Lessons learnt

The clock is ticking, once again.
Less than three weeks to go until I attempt to swim the Moloka’i Channel. My training has not gone to plan, but I’m in a good place.
I have been on a journey of physical and mental preparedness, including exploring “fear of failure” and what I can learn from it. Let’s face it, what I’m doing is a significant challenge. Few people have successfully done it. To ask myself: “can I swim 42km across the ocean in big swell” seems ridiculous. Like being asked “can you eat the elephant that’s standing in front of you?”.. as we know, the answer is “I don’t know… but I’ll take it one bite (one feed) at a time”. Fear is good, the feat is deserving of respect and nerves, but unfettered fear can become infectious, it can seize you like a low grade fever. I have generally succeeded at everything to which I have applied myself and I while I seek to succeed again, I have to accept that I might not.
So what have I learnt?
1. I can’t train my way out of fear of failure. There is a voice that says “you don’t swim fast enough, you don’t swim far enough”, that constantly draws comparison to faster swimmers with whom I train. Over the Xmas and New Year period, I probably overtrained, particularly in open water, leading to a shoulder injury (torn labral cartilage for those of you who are interested) that has caused me physical and psychological problems since then.
2. I can’t think my way out of fear of failure. A friend, Dan, described it as “trying to wipe a stain off the wall with a dirty cloth”. Vlad tells me your mind is your engine, but thinking can break you. What a dichotomy! Trying to analyse my way out of fear of failure has twice led to me mentally tho rowing in the towel during a swim, and aborting my plans to swim Moloka’i. Firstly in a swim from Bondi to Maroubra and back and again, a week later during the Rottnest Channel swim. I have read that the only bad swim is one from which you learn nothing and in both cases I learnt that despite being broken psychologically, the drive to complete the challenge is strong. It is important for me to achieve a meditative state while swimming long distance. To be inside my own head for 8, 10, 12, 15 hours is not conducive to fighting through pain and fatigue, and when I over think I cannot escape.

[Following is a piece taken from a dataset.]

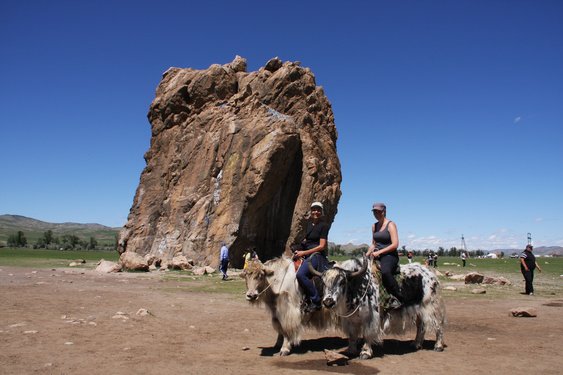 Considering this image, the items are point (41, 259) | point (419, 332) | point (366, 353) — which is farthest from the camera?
point (41, 259)

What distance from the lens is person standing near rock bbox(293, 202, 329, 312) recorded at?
897 cm

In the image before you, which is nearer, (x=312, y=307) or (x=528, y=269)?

3. So, the natural conclusion (I say natural, it actually took a meeting with a sport psychologist to reach this conclusion) is that as I can’t train my way out of it, nor can I think my way out of it, I need to embrace it. Why am I doing this swim? Because I love open water swimming. Do I expect to enjoy every moment? Certainly not. Is it a challenge? Hell yeah! The purpose of endurance sport is to find my limit, find my breaking point.
The last couple of weeks have been good. I have been enjoying my swimming, I am following the advice of Vlad “smile and be happy”. I am focusing on visualising the beginning and the end of the swim and how not to worry about the middle.

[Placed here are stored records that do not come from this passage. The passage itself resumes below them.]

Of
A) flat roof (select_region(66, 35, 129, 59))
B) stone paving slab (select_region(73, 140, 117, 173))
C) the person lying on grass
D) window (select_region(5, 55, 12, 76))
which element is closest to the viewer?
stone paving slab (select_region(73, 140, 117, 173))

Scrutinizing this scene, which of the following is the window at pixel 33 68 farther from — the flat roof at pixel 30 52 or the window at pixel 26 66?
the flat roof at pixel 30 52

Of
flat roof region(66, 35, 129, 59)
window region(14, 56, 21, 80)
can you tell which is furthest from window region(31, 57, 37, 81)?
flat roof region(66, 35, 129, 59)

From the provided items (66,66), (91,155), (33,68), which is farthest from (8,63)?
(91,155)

Last weekend was my last big swim before the luxury of tapering and eating without guilt! Originally the plan had been to take on an adventure swim, Manly to Bondi return the weekend before this. 40kmh southerly winds put the end to that. I needed a win, not a challenge that was unachievable and possibly unsafe. So last weekend, Dean and I set off for an 8 hour swim off Bondi. The 4 metre swell proved a bit unsafe for kayaking into shore, so after 3 hours of support from Dan we were on our own, completing a total of 5 1/2 hours. Not the 8 hours I’d planned, but it was the best swim I’ve had in years and has left me feeling ready for my swim. The conditions were similar to what I’m expecting in Moloka’i, with a big swell, with sets of 6-8 metres coming through. The feeling of swimming effortlessly through huge swell, beyond headlands, watching it smash on cliffs… amazing. This is why I swim.
So, where am I now? Only 2 weeks until we get to Waikiki, one week of acclimatising, battling jet lag and then my window opens on April 3… I’m excited!